Nature vs. Nurture at Qdoba

 At a recent trip to Qdoba (one of my favorite places to eat), I was walking behind this small boy and his grandmother on the way in. The boy, which I would guess was about 1-2 years old, was hanging back near the sidewalk toddling around while she was waiting for him by the door. As I approached the sidewalk, he jogged toward me with a stretched-out arm momentarily before turning his attention toward the big ascension onto the sidewalk.
 After his little legs successfully made the climb, I soon followed behind. Halfway to the door, he turns back around and again toddles toward me with his arm outstretched, this time with much more purpose than before. He started making those "unh unh" sounds, the kind that toddlers often make when they want something...not the upset kind, just the variation that says, "I can't talk yet, but there's something I really need you to know and this is the only means I have of informing you."
 By this time I had deduced what he was looking for and offered my hand, but did so cautiously on the small chance that my perception of the situation could be wrong, in which case I didn't want to inadvertently pose a threat to the child.

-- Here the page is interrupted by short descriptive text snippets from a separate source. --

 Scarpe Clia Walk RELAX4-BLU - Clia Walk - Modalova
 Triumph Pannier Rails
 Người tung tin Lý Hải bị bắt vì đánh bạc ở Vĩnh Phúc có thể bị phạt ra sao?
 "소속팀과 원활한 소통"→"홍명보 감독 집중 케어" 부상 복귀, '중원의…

But my supposition turned out to be correct; he immediately took hold of my hand and had me escort him to the door.
 The grandmother sheepishly apologized, which of course was completely unnecessary. I was going the same direction anyway, so it certainly was no imposition on my part to comply with whatever need a child had for guidance at that time. I'm sure I would have done it even if I hadn't been. Anyway, I found myself subtly keeping an eye on the pair after we had all entered the restaurant.
 It turned out they were there to meet his mother. She called him over, he'd take a few steps and stop, she would then have to call to him again. This process repeated itself about three times until they were close enough for her to pick him up. She was sporting a gaudy handbag, was somewhat overweight and wearing a raggedy t-shirt, had multiple piercings and bi-colored hair...and no wedding ring. That's when it occurred to me just what God had used me for in that moment.

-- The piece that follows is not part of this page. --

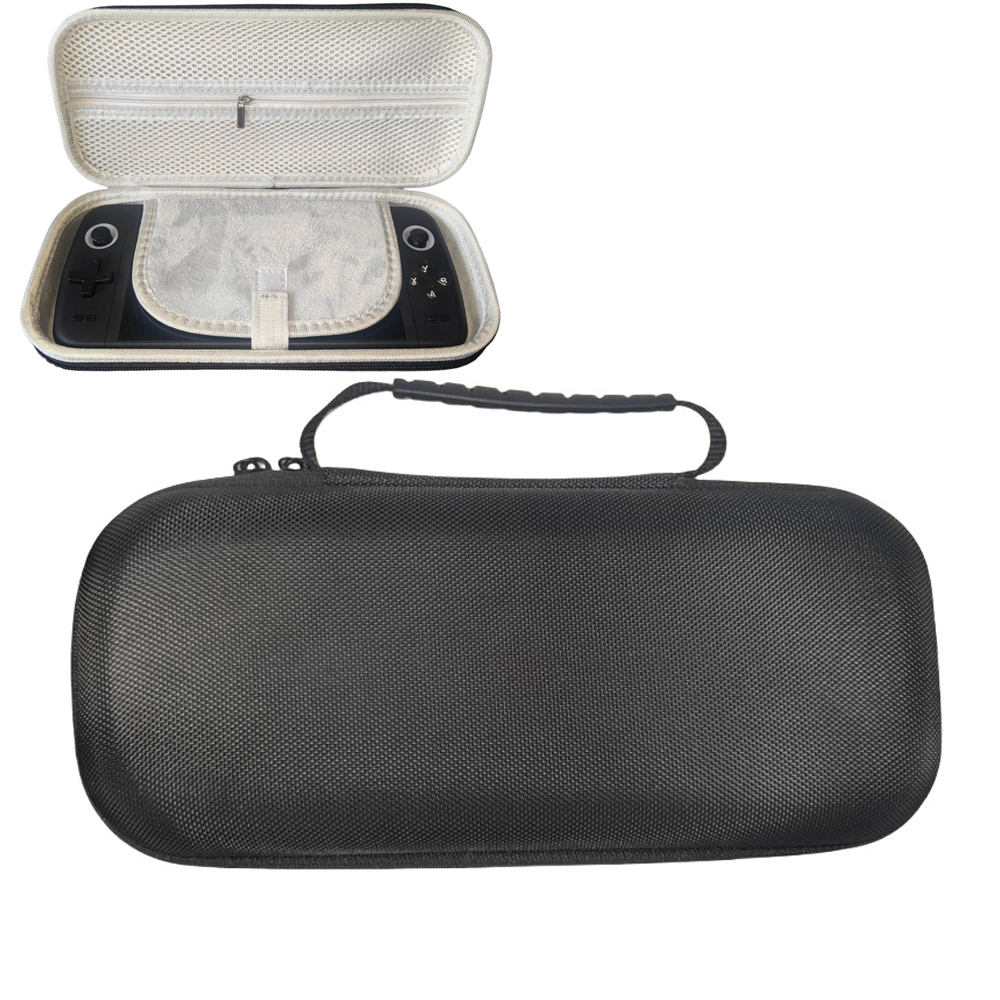 À prova de choque para console - Gaming Console Organizer avaliação e preço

 While I cannot know how much of a presence that young man's father has in his life, it was quite obvious he had a pronounced need at that time for the sure leadership of a male figure he perhaps did not have regular access to. It spoke to me that even children know that a situation like his isn't right, yet we adults in our "sophisticated" reasoning seem to continually attempt to program this idea out of them by varied means. To try and convince the child they are wrong in such thinking is a mistake, because this is an unalterable coding!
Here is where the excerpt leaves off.